6. An assembly for cranking an engine, comprising:

a starter motor that includes an armature shaft;

a pinion shaft supporting a pinion, secured directly to the armature shaft for rotation therewith and translation along the armature shaft;

first and second bearings contacting and supporting the pinion shaft;

a first spring contacting the pinion shaft and armature shaft, urging the pinion elastically in a first axial direction.

7. The assembly of claim 6 further comprising a second spring producing a force on the first bearing and the pinion shaft, said force resisting translation of the first bearing in a first axial direction and the pinion shaft toward the second bearing.

8. The assembly of claim 6 wherein the pinion is formed with helical gear teeth.

9. (canceled)

10. (canceled)

11. An assembly for cranking an engine, comprising:

a starter motor that includes an armature shaft;

a pinion shaft supporting a pinion, driveably connected by a spline to the armature shaft for rotation therewith and displaceable along the spline relative to the armature shaft;

a first spring contacting the pinion shaft for urging the pinion away from the armature shaft and elastically resisting axial translation of the pinion toward the armature shaft.

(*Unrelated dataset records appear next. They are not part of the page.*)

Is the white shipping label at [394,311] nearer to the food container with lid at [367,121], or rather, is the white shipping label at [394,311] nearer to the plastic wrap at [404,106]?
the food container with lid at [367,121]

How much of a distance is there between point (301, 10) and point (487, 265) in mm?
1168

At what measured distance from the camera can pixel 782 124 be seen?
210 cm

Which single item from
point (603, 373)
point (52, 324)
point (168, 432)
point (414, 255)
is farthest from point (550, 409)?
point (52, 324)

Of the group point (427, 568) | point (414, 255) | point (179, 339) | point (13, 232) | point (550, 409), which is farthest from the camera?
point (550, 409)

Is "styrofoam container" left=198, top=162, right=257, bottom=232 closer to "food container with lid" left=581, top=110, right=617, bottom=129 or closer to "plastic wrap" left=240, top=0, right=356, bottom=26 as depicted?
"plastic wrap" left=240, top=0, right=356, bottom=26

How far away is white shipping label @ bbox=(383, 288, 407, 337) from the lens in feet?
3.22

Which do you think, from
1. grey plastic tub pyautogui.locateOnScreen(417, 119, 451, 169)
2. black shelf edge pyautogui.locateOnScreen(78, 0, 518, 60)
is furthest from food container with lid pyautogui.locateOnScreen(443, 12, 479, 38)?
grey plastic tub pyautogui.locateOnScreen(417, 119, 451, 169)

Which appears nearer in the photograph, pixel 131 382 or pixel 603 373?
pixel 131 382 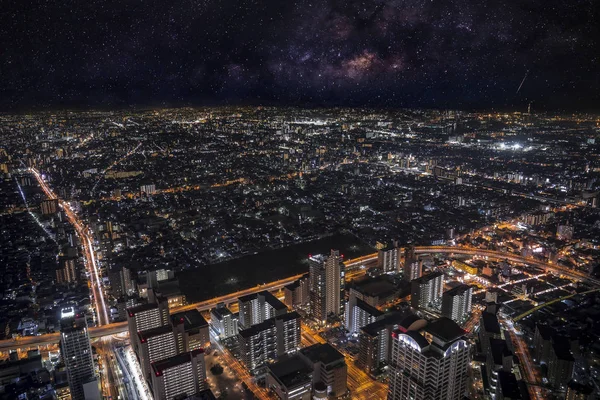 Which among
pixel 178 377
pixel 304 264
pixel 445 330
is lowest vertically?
pixel 304 264

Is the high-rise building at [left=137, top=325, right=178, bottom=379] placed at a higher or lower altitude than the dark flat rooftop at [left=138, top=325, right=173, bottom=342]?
lower

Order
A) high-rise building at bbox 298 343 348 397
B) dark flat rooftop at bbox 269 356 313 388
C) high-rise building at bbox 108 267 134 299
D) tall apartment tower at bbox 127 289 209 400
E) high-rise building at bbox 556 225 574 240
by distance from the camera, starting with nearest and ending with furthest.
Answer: dark flat rooftop at bbox 269 356 313 388, tall apartment tower at bbox 127 289 209 400, high-rise building at bbox 298 343 348 397, high-rise building at bbox 108 267 134 299, high-rise building at bbox 556 225 574 240

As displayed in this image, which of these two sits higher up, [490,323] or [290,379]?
[290,379]

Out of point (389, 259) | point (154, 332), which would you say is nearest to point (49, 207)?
point (154, 332)

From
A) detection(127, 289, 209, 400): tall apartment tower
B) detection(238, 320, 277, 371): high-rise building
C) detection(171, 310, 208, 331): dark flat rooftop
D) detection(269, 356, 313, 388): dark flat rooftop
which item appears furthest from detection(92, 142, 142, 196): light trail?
detection(269, 356, 313, 388): dark flat rooftop

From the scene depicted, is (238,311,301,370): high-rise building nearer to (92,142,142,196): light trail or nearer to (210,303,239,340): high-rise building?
(210,303,239,340): high-rise building

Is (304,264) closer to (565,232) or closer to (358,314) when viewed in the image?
(358,314) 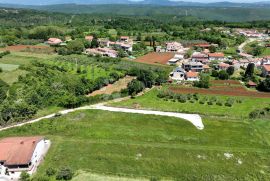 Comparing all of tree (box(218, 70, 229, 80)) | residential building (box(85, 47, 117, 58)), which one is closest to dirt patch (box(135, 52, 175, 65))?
residential building (box(85, 47, 117, 58))

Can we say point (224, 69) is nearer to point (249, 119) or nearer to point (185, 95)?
point (185, 95)

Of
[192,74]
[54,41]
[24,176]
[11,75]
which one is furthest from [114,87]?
[54,41]

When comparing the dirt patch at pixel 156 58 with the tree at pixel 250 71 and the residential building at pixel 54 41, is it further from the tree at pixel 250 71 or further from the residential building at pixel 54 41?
the residential building at pixel 54 41

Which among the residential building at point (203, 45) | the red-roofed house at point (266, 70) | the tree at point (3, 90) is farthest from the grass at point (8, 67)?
Answer: the red-roofed house at point (266, 70)

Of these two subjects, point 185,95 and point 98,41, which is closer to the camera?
point 185,95

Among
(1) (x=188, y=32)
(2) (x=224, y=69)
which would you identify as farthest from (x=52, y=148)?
(1) (x=188, y=32)

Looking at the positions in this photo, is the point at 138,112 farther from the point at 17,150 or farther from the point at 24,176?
the point at 24,176

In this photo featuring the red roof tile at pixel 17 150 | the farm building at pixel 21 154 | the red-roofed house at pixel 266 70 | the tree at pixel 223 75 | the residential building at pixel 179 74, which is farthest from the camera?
the red-roofed house at pixel 266 70
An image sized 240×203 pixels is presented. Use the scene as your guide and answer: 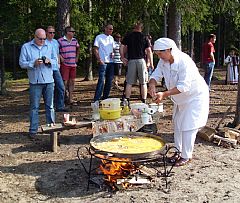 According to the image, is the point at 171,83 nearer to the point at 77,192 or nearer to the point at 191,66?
the point at 191,66

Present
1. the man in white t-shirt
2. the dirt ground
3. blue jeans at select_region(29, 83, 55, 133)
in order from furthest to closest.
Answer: the man in white t-shirt → blue jeans at select_region(29, 83, 55, 133) → the dirt ground

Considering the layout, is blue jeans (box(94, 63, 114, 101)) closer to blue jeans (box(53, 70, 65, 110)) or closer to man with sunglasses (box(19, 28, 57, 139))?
blue jeans (box(53, 70, 65, 110))

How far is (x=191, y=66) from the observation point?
546 cm

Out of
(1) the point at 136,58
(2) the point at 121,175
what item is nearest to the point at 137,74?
(1) the point at 136,58

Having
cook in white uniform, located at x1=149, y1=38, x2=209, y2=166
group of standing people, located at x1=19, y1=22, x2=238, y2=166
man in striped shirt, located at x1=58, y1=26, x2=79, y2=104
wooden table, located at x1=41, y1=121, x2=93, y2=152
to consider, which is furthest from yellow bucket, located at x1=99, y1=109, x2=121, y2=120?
man in striped shirt, located at x1=58, y1=26, x2=79, y2=104

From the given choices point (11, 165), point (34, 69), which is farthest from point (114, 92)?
point (11, 165)

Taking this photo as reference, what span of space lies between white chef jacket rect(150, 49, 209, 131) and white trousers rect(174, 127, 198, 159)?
3.1 inches

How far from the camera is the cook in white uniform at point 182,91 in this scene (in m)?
5.30

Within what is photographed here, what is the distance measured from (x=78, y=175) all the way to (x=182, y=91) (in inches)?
69.5

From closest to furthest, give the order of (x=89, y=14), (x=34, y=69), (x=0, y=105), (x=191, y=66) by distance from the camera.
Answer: (x=191, y=66), (x=34, y=69), (x=0, y=105), (x=89, y=14)

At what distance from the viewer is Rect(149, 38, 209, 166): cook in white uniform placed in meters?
5.30

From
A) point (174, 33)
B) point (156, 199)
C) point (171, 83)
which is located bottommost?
point (156, 199)

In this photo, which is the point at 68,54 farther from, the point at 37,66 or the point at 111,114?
the point at 111,114

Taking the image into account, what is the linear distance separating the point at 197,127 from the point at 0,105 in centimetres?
711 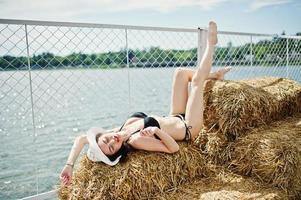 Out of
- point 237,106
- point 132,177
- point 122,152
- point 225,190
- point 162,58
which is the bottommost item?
point 225,190

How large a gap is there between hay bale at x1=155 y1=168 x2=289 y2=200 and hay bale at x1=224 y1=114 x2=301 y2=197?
60 millimetres

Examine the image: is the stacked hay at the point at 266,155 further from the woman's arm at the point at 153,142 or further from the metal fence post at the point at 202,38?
the metal fence post at the point at 202,38

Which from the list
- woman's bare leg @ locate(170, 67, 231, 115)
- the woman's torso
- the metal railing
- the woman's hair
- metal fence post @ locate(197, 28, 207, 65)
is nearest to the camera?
the woman's hair

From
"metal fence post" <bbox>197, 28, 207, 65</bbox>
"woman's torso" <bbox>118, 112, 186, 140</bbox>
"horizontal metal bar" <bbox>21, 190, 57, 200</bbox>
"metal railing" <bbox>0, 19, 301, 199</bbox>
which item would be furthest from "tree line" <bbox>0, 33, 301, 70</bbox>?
"horizontal metal bar" <bbox>21, 190, 57, 200</bbox>

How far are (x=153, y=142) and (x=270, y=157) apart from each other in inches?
28.4

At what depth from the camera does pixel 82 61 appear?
2734 mm

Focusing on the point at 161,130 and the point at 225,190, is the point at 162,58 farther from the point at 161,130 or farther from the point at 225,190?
the point at 225,190

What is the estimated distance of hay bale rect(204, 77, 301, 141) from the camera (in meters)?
2.26

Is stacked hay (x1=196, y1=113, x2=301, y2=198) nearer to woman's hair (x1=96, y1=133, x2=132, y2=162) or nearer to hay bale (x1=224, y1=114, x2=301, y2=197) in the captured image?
hay bale (x1=224, y1=114, x2=301, y2=197)

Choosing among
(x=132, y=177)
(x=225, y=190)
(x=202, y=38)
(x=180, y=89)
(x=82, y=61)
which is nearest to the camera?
(x=132, y=177)

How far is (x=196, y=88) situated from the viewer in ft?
7.79

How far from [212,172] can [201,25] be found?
1551 millimetres

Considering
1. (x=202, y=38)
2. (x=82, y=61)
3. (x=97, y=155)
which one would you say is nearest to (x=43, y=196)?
(x=97, y=155)

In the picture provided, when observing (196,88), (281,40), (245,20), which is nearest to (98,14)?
(245,20) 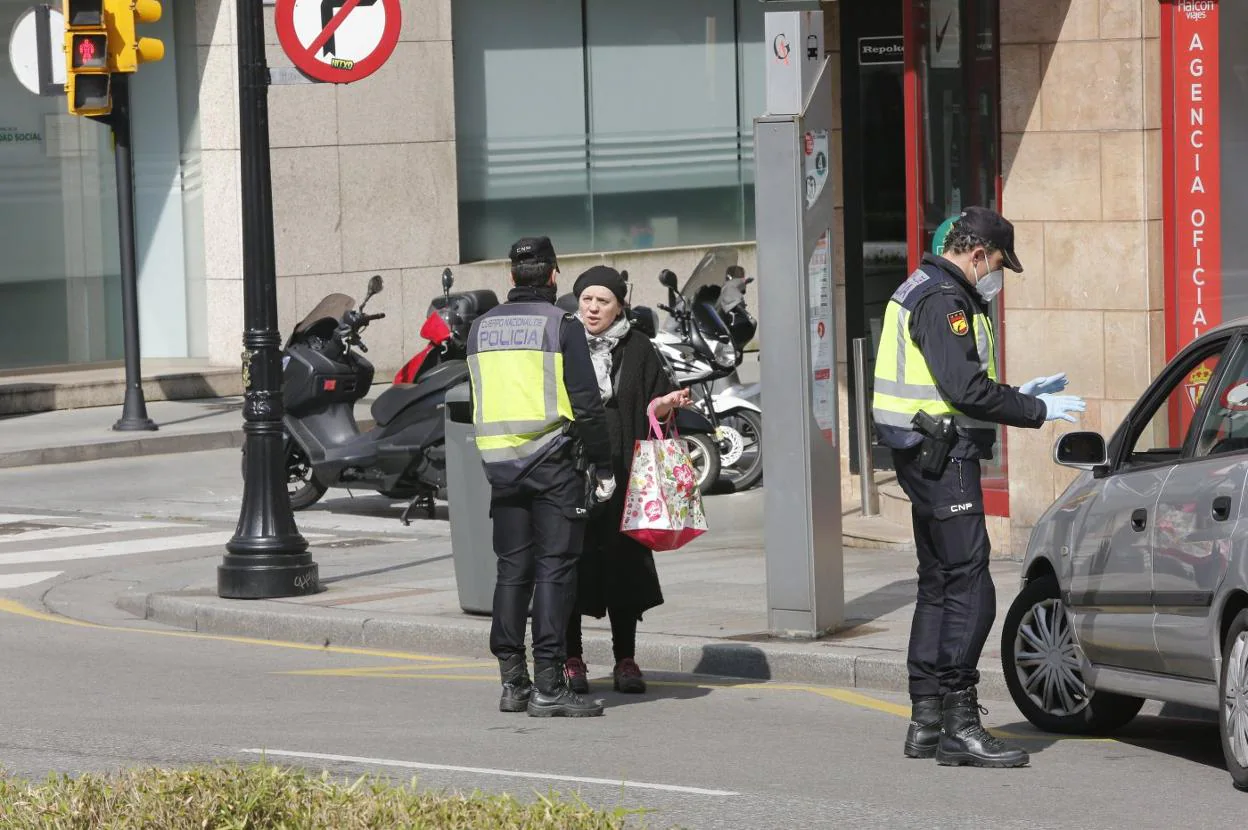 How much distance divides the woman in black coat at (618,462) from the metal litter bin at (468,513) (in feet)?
4.91

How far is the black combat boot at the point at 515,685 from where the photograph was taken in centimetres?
893

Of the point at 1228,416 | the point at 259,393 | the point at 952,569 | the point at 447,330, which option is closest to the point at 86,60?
the point at 447,330

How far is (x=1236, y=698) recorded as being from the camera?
7.07 m

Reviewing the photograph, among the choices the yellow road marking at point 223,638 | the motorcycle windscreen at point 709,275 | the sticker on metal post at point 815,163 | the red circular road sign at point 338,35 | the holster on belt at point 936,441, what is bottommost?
the yellow road marking at point 223,638

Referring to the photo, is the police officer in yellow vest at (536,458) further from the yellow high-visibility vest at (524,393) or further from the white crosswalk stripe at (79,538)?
the white crosswalk stripe at (79,538)

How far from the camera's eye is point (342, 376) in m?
15.9

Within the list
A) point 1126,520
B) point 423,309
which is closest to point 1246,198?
point 1126,520

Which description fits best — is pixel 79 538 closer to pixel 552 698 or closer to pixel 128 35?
pixel 128 35

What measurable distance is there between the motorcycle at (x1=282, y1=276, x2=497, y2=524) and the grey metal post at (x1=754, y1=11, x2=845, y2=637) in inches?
196

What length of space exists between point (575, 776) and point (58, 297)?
665 inches

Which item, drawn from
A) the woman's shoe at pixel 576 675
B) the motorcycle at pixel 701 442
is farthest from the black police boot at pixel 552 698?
the motorcycle at pixel 701 442

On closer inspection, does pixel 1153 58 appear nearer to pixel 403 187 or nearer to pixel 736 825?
pixel 736 825

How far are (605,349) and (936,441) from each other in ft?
7.18

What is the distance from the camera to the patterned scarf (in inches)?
371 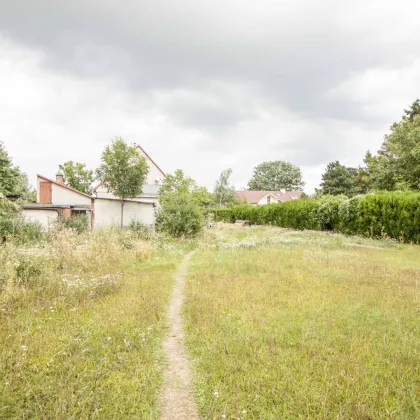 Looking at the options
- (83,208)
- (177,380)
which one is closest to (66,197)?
(83,208)

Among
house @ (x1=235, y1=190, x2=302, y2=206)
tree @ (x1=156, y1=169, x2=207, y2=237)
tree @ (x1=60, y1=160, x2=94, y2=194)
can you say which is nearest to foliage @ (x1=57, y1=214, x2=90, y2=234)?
tree @ (x1=156, y1=169, x2=207, y2=237)

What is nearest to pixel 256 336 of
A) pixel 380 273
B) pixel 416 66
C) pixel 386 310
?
pixel 386 310

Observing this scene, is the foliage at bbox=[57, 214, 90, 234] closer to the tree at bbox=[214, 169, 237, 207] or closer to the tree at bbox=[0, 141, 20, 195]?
the tree at bbox=[0, 141, 20, 195]

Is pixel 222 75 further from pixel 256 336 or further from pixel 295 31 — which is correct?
pixel 256 336

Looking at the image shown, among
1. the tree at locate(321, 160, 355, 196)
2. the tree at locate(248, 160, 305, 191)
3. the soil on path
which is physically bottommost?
the soil on path

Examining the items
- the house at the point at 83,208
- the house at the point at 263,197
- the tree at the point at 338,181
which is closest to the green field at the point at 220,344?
the house at the point at 83,208

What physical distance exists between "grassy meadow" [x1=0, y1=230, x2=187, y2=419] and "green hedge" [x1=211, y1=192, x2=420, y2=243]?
52.8 ft

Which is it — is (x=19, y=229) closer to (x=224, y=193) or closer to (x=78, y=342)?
(x=78, y=342)

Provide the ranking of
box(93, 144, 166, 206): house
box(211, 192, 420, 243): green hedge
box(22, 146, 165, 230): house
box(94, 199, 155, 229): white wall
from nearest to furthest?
1. box(211, 192, 420, 243): green hedge
2. box(22, 146, 165, 230): house
3. box(94, 199, 155, 229): white wall
4. box(93, 144, 166, 206): house

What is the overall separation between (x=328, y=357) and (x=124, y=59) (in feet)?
42.9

12. The assembly of claim 11 wherein the pinion is formed with mating helical gear teeth.

13. The assembly of claim 11 further comprising:

a second spring contacting the armature shaft and the pinion shaft, urging the pinion away from the armature shaft and urging the armature shaft toward an axial position in the starter motor.

14. The assembly of claim 1 further comprising:

a housing;

first and second bearings contacting the shaft and the housing;

a second spring contacting the armature shaft and the shaft and resisting translation of the pinion in a second axial direction opposite the first direction; and

wherein the shaft includes a spline that connects the shaft to the armature shaft and permits the shaft to translate axially relative to the armature shaft.

15. The assembly of claim 11 further comprising:

a housing; and

first and second bearings contacting the pinion shaft and the housing.